Separable Power of Classical and Quantum Learning Protocols Through the Lens of No-Free-Lunch Theorem
Xinbiao Wang, Yuxuan Du, Kecheng Liu, Yong Luo, Bo Du, Dacheng Tao
TL;DR
This work extends the No-Free-Lunch framework to quantum learning by categorizing learning protocols into Classical (CLC-LPs), Restricted Quantum (ReQu-LPs), and Quantum (Qu-LPs) paradigms, each with different access to quantum resources. It derives NFL-style lower bounds showing a quadratic separation in sample complexity across protocols, driven by the ability of quantum protocols to exploit inter-state relative phase information, especially for non-orthogonal training states and non-diagonal observables. The authors provide both theoretical NFL theorems and numerical experiments (using Haar-random unitaries and hardware-efficient PQCs) that confirm phase-alignment and diagonality conditions govern the magnitude of the advantage. These results illuminate how quantum resources and phase information interplay to yield universal advantages in learning quantum dynamics, and offer practical guidance for designing phase-aware quantum learning algorithms with limited quantum access.
Abstract
The No-Free-Lunch (NFL) theorem, which quantifies problem- and data-independent generalization errors regardless of the optimization process, provides a foundational framework for comprehending diverse learning protocols' potential. Despite its significance, the establishment of the NFL theorem for quantum machine learning models remains largely unexplored, thereby overlooking broader insights into the fundamental relationship between quantum and classical learning protocols. To address this gap, we categorize a diverse array of quantum learning algorithms into three learning protocols designed for learning quantum dynamics under a specified observable and establish their NFL theorem. The exploited protocols, namely Classical Learning Protocols (CLC-LPs), Restricted Quantum Learning Protocols (ReQu-LPs), and Quantum Learning Protocols (Qu-LPs), offer varying levels of access to quantum resources.
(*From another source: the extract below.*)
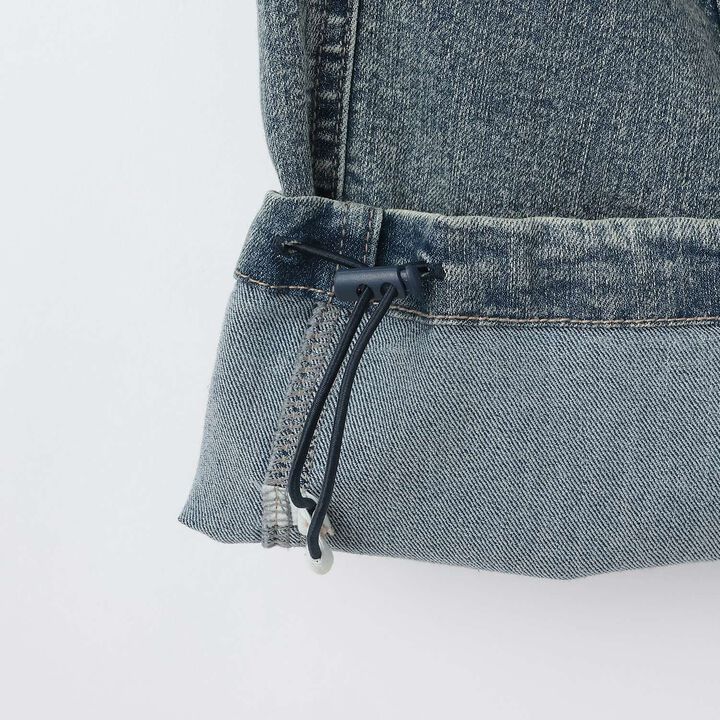 Quick-Dry Stretch Denim Cargo Pants,Gray, medium image number 16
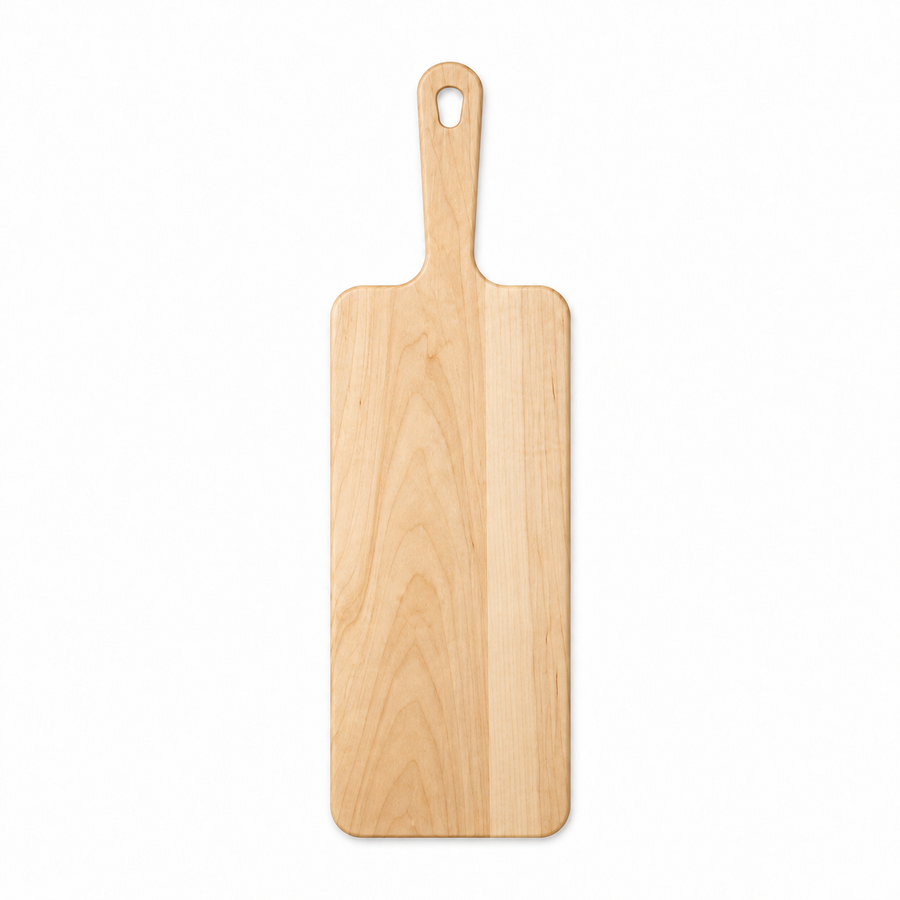 18 × 6 Maple / No Groove / Paddle Handle - top view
Our derived NFL theorems demonstrate quadratic reductions in sample complexity across CLC-LPs, ReQu-LPs, and Qu-LPs, contingent upon the orthogonality of quantum states and the diagonality of observables. We attribute this performance discrepancy to the unique capacity of quantum-related learning protocols to indirectly utilize information concerning the global phases of non-orthogonal quantum states, a distinctive physical feature inherent in quantum mechanics. Our findings not only deepen our understanding of quantum learning protocols' capabilities but also provide practical insights for the development of advanced quantum learning algorithms.